» **Task objective**
Repeat exactly the stretch of lines that starts with the one containing "5698 Lamplighter Drive Girard OH 44420" and ends with the last line of the material. Leave out pictures.

» **Input for this task**
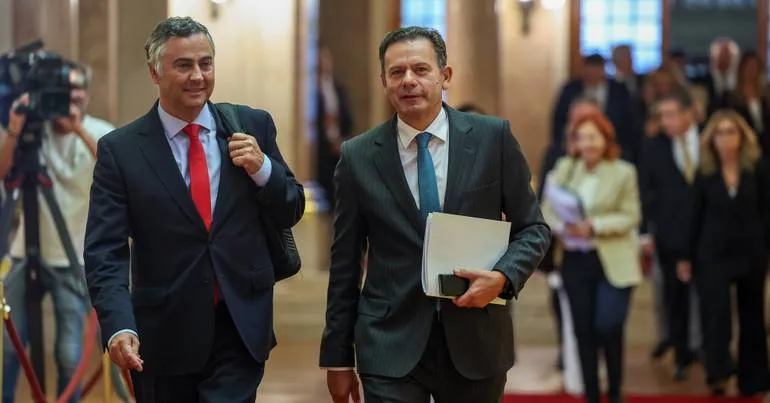 Explicador. Montenegro tenta fazer pazes com a Educação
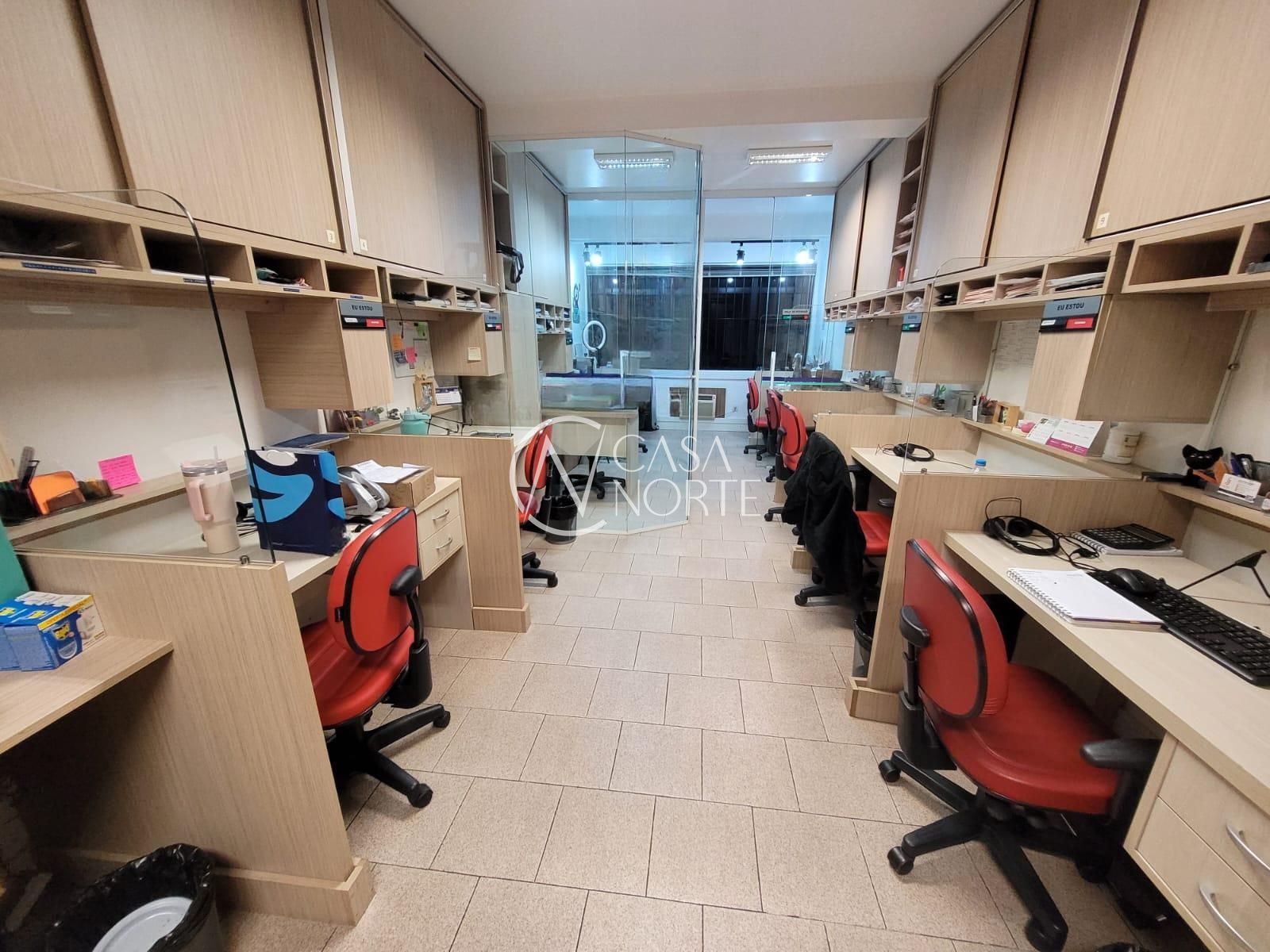 Sala Comercial à venda com 1 quarto, 42m², Rua Sport Club São José no bairro Passo da Areia em Porto Alegre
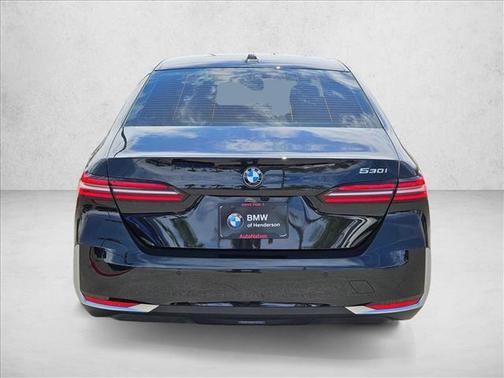 Black Sapphire Metallic 2024 BMW 530 530i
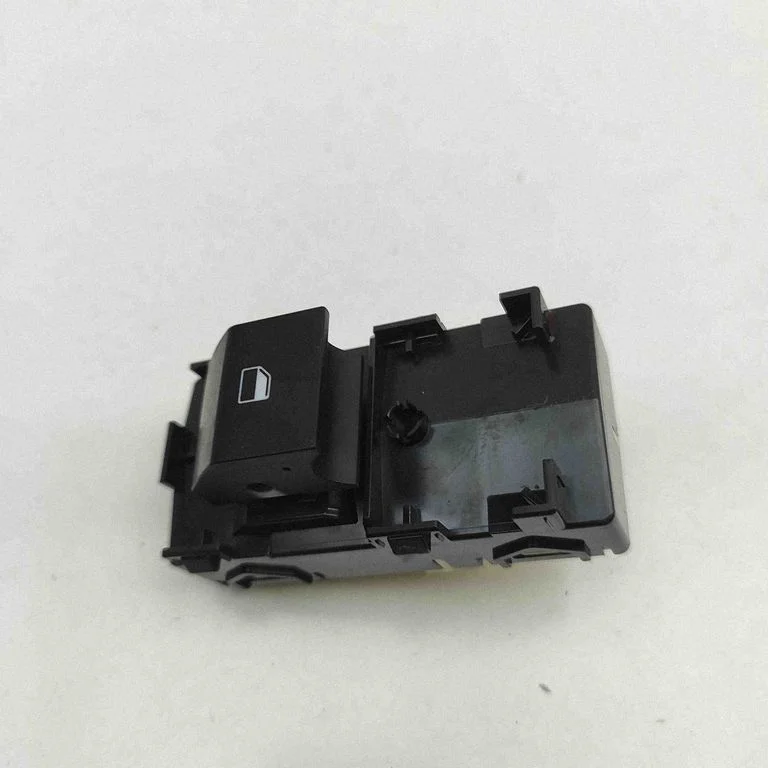 Elektrisko logu slēdzis 93581AT000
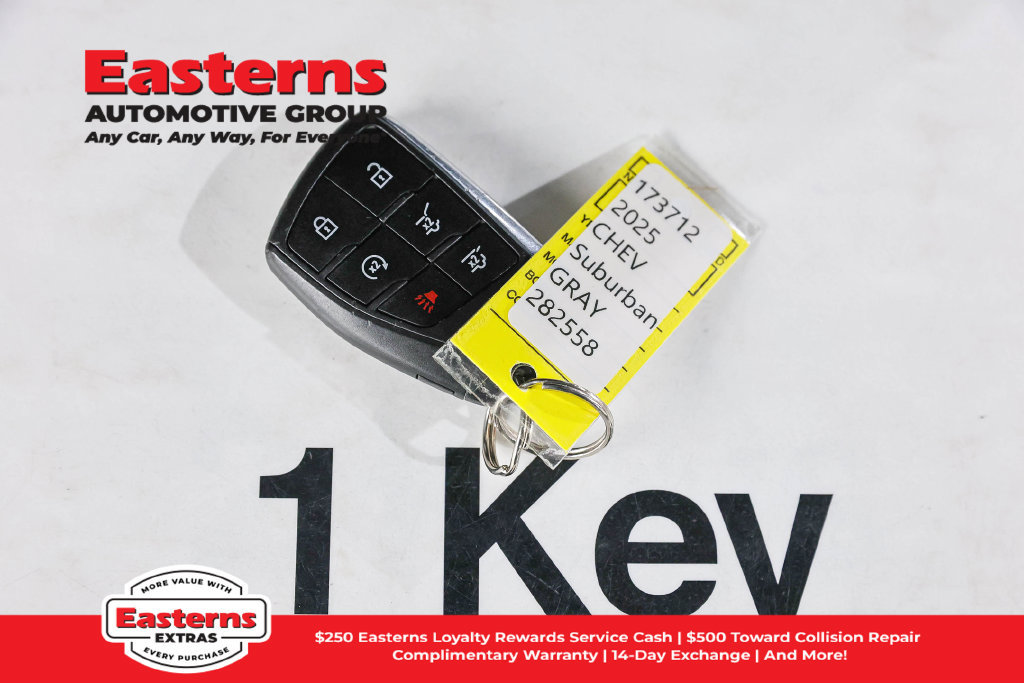 Used 2025 Chevrolet Suburban Z71 AWD/4WD image 28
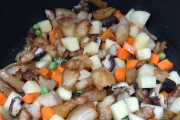 五花肉土豆焖饭的制作方法（香气四溢，口感绵软，快来试试吧！）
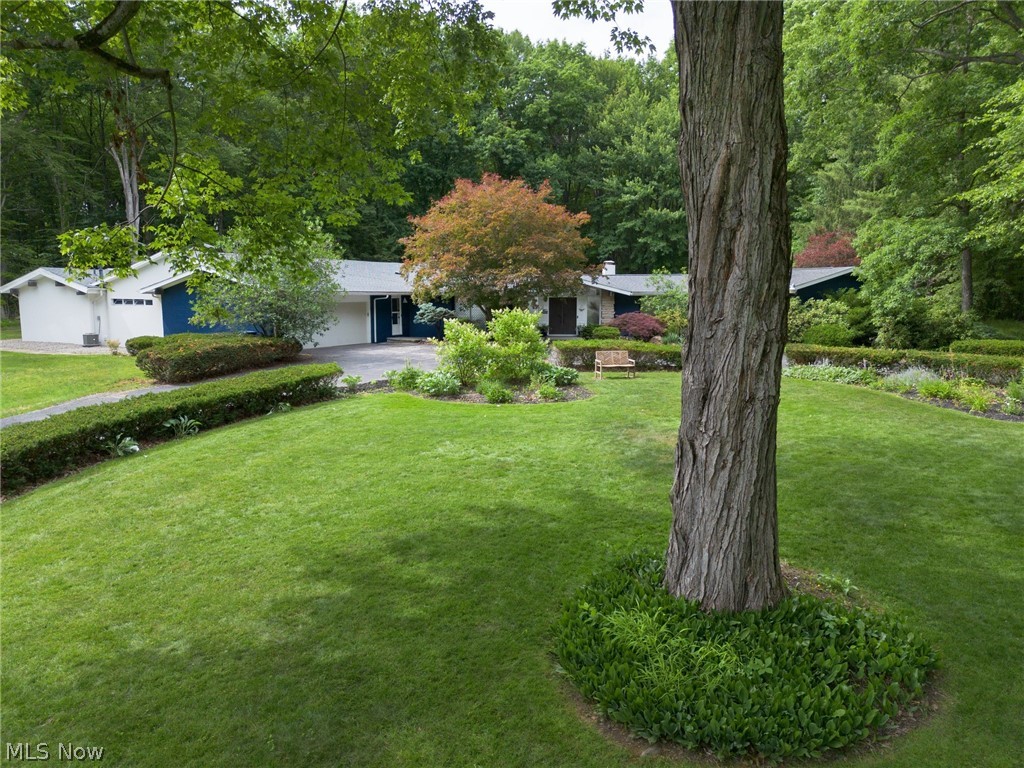 5698 Lamplighter Drive Girard OH 44420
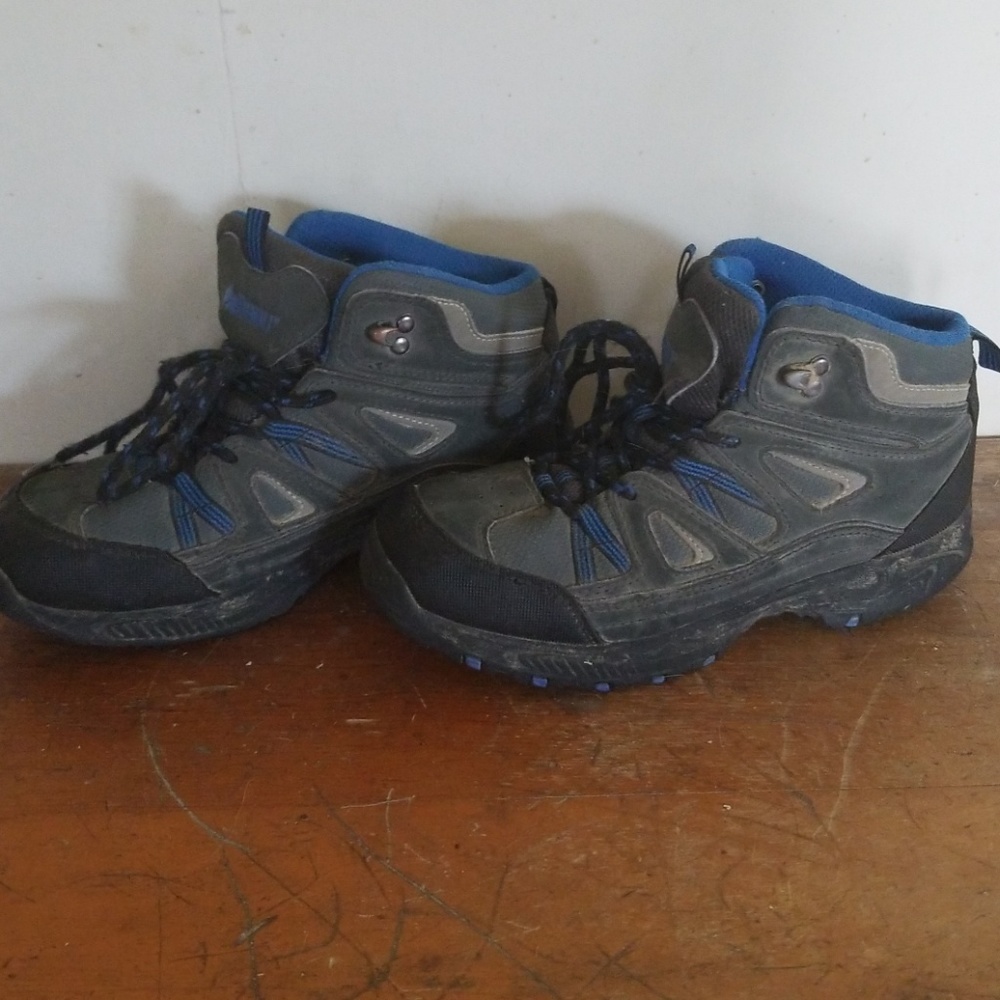 Boys hiking shows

» **Result of this exercise**
 5698 Lamplighter Drive Girard OH 44420
 Boys hiking shows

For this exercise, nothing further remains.